As head of the council, Pap tried to extort concessions for his community through submissions to the local authorities, mentioning the community's anti-Bolshevik role during the 1919 counter-revolution. Pap also emphasized his WW1 military service. The deportation of Jews occurred within weeks. He tried to intercede with Prince-primate Jusztinián Serédi, the Archbishop of Esztergom, who visiting the city, to save the Jews. He also sent a letter to Lord Lieutenant Aladár Magyary-Kossa, in which he detailed the special past of local Jewish community, among whom "there are no infiltrated foreign Jews" and recalled the counter-revolutionary activity of the local Jewry during the Hungarian Soviet Republic.

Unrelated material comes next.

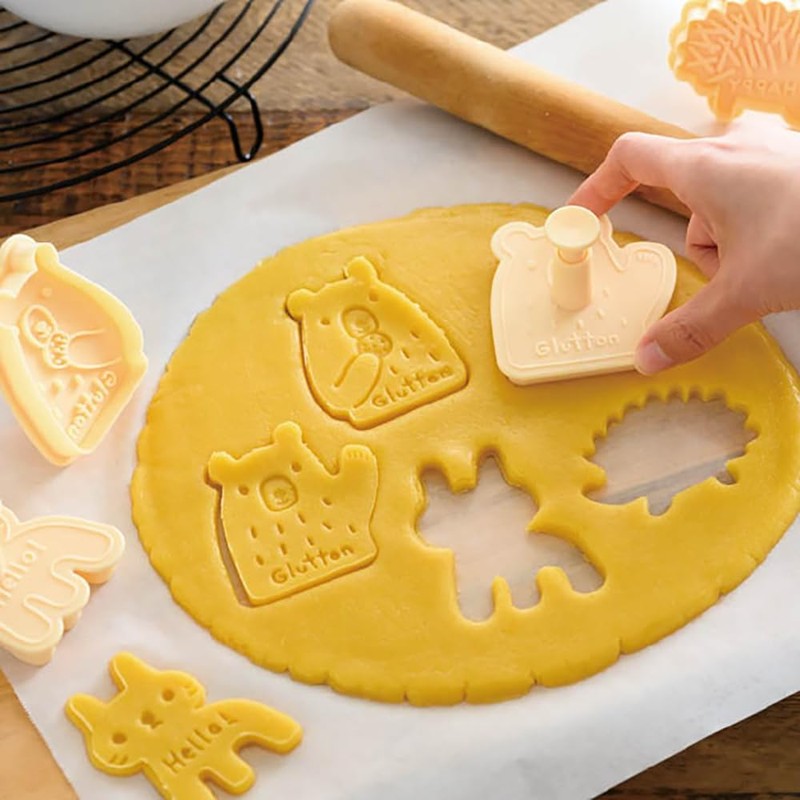 HEADS GLB-CKM1 HEADS GRATTON FAMILY Bear Cat Hedgehog Cookie Cutter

Before the deportation of the entire community, Pap fled to Budapest on 21 June 1944, where his brother Géza Pap, a civil servant of the Hungarian government, sheltered him. Some weeks later, he was arrested by the gendarmerie and taken back to Szeged. Due to his former military service, he was exempted from deportation on 19 August 1944.

==After the war==
The advancing Red Army besieged and occupied Szeged in October 1944. His membership in the bar association was reinstated in the same month and was re-elected president of the reconstituted Neolog congregation. Alongside Zoltán Örley, he organized the local branch of the Civic Democratic Party in late November 1944. Both of them were elected to the National Committee of Szeged on 2 December. Pap and Örley were delegated to the Provisional National Assembly on 16 December 1944, representing the aforementioned body. Simultaneously, Pap also became a member of the city's provisional legislation. He was elected a member of the party presidium in May 1945 and headed its local branch in Szeged until his death.

Pap served as grand master of the masonic lodge of Szeged from 1945 to 1946. He was a founding member and attorney of the cultural society Home of Szegeder Journalists and Artists.

The verification committee of the Jewish congregation of Szeged failed to verify Pap's activity during the Holocaust in the spring of 1946. He was accused of participating in the selection process in the Szeged ghetto among the deportees who would be sent to Auschwitz and who would be sent to Budapest or Strasshof, where the chance of survival was greater (about 75 percent of 21,000 Hungarian Jews deported to Strasshof survived due to an agreement between the Aid and Rescue Committee of Budapest and Adolf Eichmann). His case was forwarded to the People's Prosecutor's Office. In May 1946, Pap emphasized his anti-fascist attitude and that he lost many relatives during the Holocaust. The People's Prosecutor's Office closed the investigation without filing charges. Pap retired from public life in 1946, but remained honorary president of the local bar association and the Jewish congregation. He died on 17 August 1947.